Naaman The Syrian

By Irvin Himmel

The lessons of the old Testament are for our learning (Rom. 15:4). A study of characters who lived in ages past can be both profitable and interesting. Naaman lived in the days of Elisha the prophet. His story is related in 2 Kings 5.

Naaman was captain of the Syrian army. Syria was Israel’s neighbor to the north. Although he was considered great, honorable, and mighty in valor or courage, Naaman was afflicted with a dreaded disease of leprosy.

The Syrians had gone oft in companies and raided the Israelites. In one of those hostile attacks they had captured a little maid. The girl became the servant of Naaman’s wife. One day she remarked that if he could he in Samaria with the prophet of God, Naaman could be healed of his leprosy.

In time, Naaman went into the land of Israel, and after some confusion he appeared before the prophet. When the Syrian arrived with horses and chariots, Elisha sent a messenger, saying, “Go and wash in Jordan seven times, and thy flesh shall come again to thee, and thou shalt be clean.” Naaman was full of anger and reacted according to the emotion that flooded his heart.

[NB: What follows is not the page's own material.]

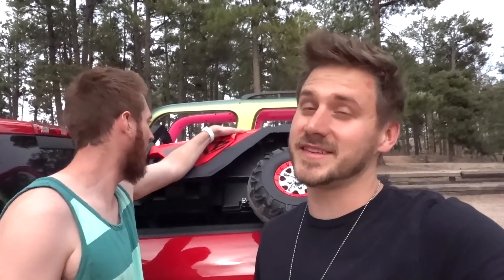So you guys wanted to see us take it off-road and we did it. What do you guys want to see next? Leave a comment. Click right here to watch our buying every flavor ice cream from the store video, and click over here to watch another video that YouTube recommends. And as always, make sure you laugh daily — we'll see you next time. Goodbye!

Despite his being noted for courage, Naaman lacked humility – a characteristic necessary for any man who seeks God’s blessing. Naaman was wroth because he expected the prophet to come out, stand, call on the name of the Lord, strike his hand over the place, and thus recover the leper. He said, “Behold, I thought. . .” His mistake was in supposing that God should operate according to Naaman’s plan. He expected show and ceremony.

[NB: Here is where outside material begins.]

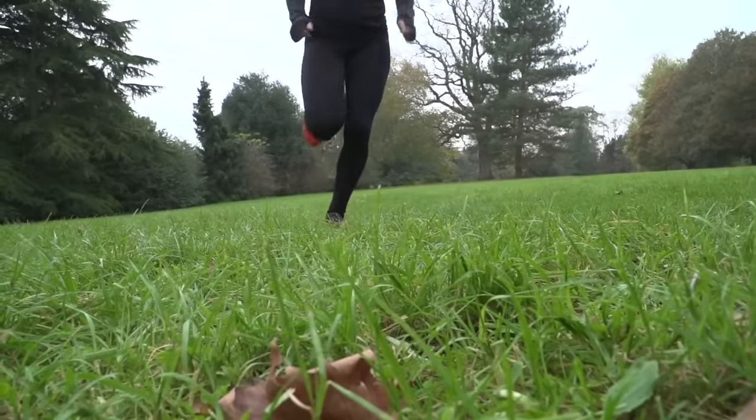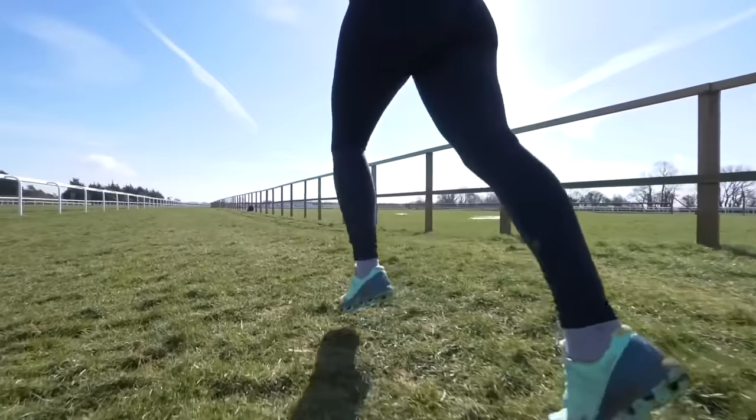Before you go and get a supportive shoe, bear in mind that a certain amount of pronation is entirely normal and actually very good — it's our body's way of absorbing shock and maintaining good biomechanics. You need to get assessed to see how your foot moves, and then the two main options are either a neutral shoe or an over-pronation shoe.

Many people in our times are like Naaman in attitude. They expect God to conform to their plans. They stumble at His simple commands in their zeal for ceremony and elaborate schemes. They will either have their way about things or die and to go hell.

Naaman argued that if it was necessary to dip in a river he should at least be permitted to choose the river. After all, water is water, and Abana and Pharpar, rivers in his own country, appeared better and cleaner than the muddy Jordan. Overlooking the fact that the difference was in God’s choice in the matter, and ignoring the command given through the prophet by the messenger, “he turned arid went away in a rage.”

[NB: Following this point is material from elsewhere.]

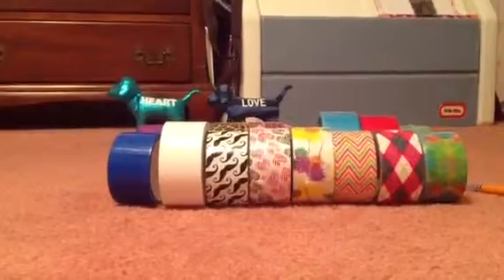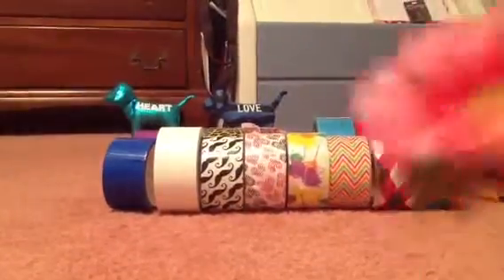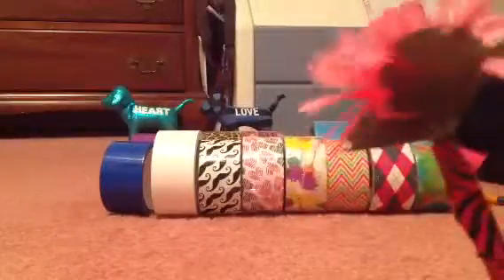The first one I have is pink zebra print. It's a blue pen and it has just a fake flower. You can buy like a 10 pack of these at the dollar store. And this is a pink zebra tape if you would like a closer look at it.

Before we become too harsh in censuring Naaman, let us ask ourselves if we have not acted in much the same way at times. The New Testament commands baptism for the forgiveness of sins (Acts 2:38; 22:16; 1 Pet. 3:21). Has anyone ever scoffed at baptism and argued that it is non essential? The Bible calls baptism a burial followed by a resurrection. Has anyone ever chosen to ignore Romans 6:3-5 and Colossians 2:12, reasoning that sprinkling and pouring will suffice, and either would be much more convenient than immersion? Has anyone ever turned away, perhaps even in a rage, when it was insisted that God means exactly what the Bible says?

Naaman’s servants reasoned with him, reminding him that if he had been asked to do some great thing he would have complied. But think how simple and easy the command of God was! The mighty Syrian captain humbled himself and dipped seven times in Jordan, according to God’s will, “and his flesh came again like unto the flesh of a little child, and he was clean.”

The waters of Jordan did not cleanse Naaman. God did it. But God would not cleanse him until he obeyed. When a person is baptized today, the water does not remit his sins. It is God who forgives sins. But God has not promised remission of sins until one obeys in baptism. As God used water to test the faith of Naaman, water is used to test our faith now. How strong is your faith?

Let us learn from Naaman that it pays to comply with God’s requirements. Let us humble ourselves, trust and obey the Lord. Our eternal salvation is at stake.